Magnetic fields may also play a role in the orbital separation of binaries. Recently, Harada et al. (2021) reported a numerical and analytical study of the impact of magnetic braking on massive close binaries in the ideal MHD framework. They show that the orbital separation is larger in the hydrodynamical case than when magnetic fields are introduced (their Eq. (6) with the non-specific angular momentum is equivalent to Eq. (5) in this work) because of magnetic braking and outflows. Our findings qualitatively agree with this result (see Fig. 4), as we find an orbital separation reduced by a factor of approximately two when magnetic fields are present. However, we attribute it to the initial separation being smaller because of early magnetic braking (when both stars were part of a coherent structure), while the further evolution of ȧ/a is comparable. Nonetheless, their results only apply to the further evolution of ȧ/a since the initial separation is fixed. Moreover, quantitatively, we also find orbital separations larger than 100 AU in the magnetic case, while they did not. Our results differ because the authors assumed a circumbinary structure able to extract angular momentum from the close binary, while we witnessed the formation of two separate disks, except in the secondary-fragmentation formed binary system of run MU2-VHR. Such differences are partially attributed to the different choices of initial mass and angular momentum budget, which, as we have shown, drive the evolution of the orbital separation in binaries formed from initial fragmentation. Our initial conditions are indeed different (i.e., magnetic field strength, mass, and angular momentum budget). The MHD version is different as well, as it is non-ideal in our work and ideal in their work. Ideal MHD has been found to overestimate the magnetic field strength in the densest (ρ ≳ 10−15 g cm−3) regions (Masson et al. 2016), impacting both disk formation and outflows (Commerçon et al. 2022). Nevertheless, our study supports the interpretation of Harada et al. (2021) that magnetic fields, in the form of magnetic braking, could play a prominent role in the formation of massive close binaries – on the condition of a coherent rotation structure, such as a circumbinary disk, at least initially. Further in time, however, gas accretion equally widens binaries in the hydrodynamical and magnetized cases in the absence of a circumbinary accretion structure.

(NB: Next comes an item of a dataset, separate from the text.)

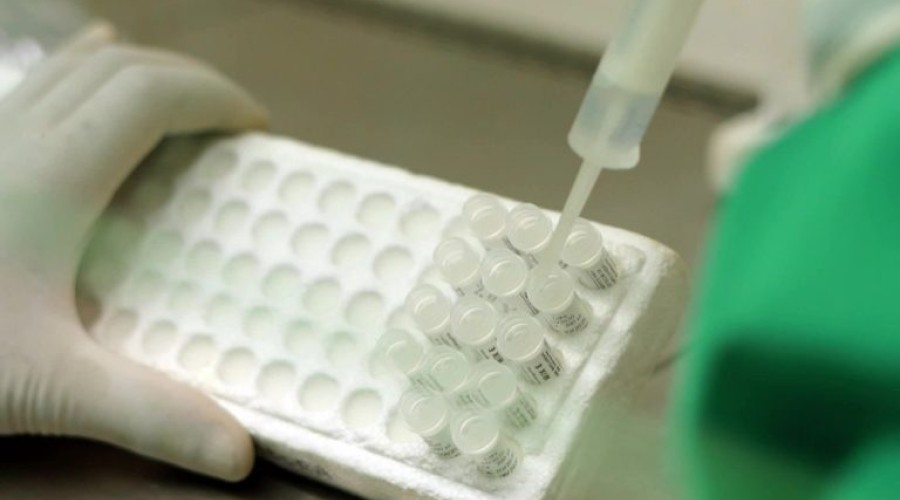 Japão desenvolve anticorpo que evita novas infecções da Covid-19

The formation of a circumbinary disk structure around a low-mass protobinary system in non-turbulent and turbulent cores has been studied by Kuruwita & Federrath (2019) using simulations including ideal MHD. They report orbital shrinkage and attribute it to magnetic braking on the infalling gas. Alternatively, this event could be due to the sinks not being at centrifugal equilibrium when they form since they arise from initial perturbations and shrink their separation until they reach a stable orbit. To understand whether the final evolution of the binary orbital separation is consistent with gas accretion (that is, there is no outspiral), we put into Eq. (8) the final mass (∼0.5 M) and the orbital separation (∼20 AU) of the protobinary system formed in the non-turbulent run of their study. This calculation gave a minimum gas angular momentum of 2 × 1020 cm2 s−1 to drive the binary outspiral through gas accretion; meanwhile, the protostellar core in their simulation has a maximal specific angular momentum of ≈1018 cm2 s−1 at the core edge. Hence, their pre-stellar core angular momentum budget is insufficient to drive the binary’s outspiral. Because they consider relatively small turbulent velocities (0.02 km s−1 and 0.04 km s−1), the angular momentum carried out by turbulence is still insufficient to drive the binary’s outspiral, and this naturally results in a similar final orbital separation in the non-turbulent and turbulent runs of the work of Kuruwita & Federrath (2019). Finally, in contrast to their turbulent runs, we did not report any circumbinary disk formation other than the one in run MU2-VHR where a companion had previously formed. This discrepancy could be due to the large (> 100 AU) orbital separation in our runs compared to theirs (∼20 AU).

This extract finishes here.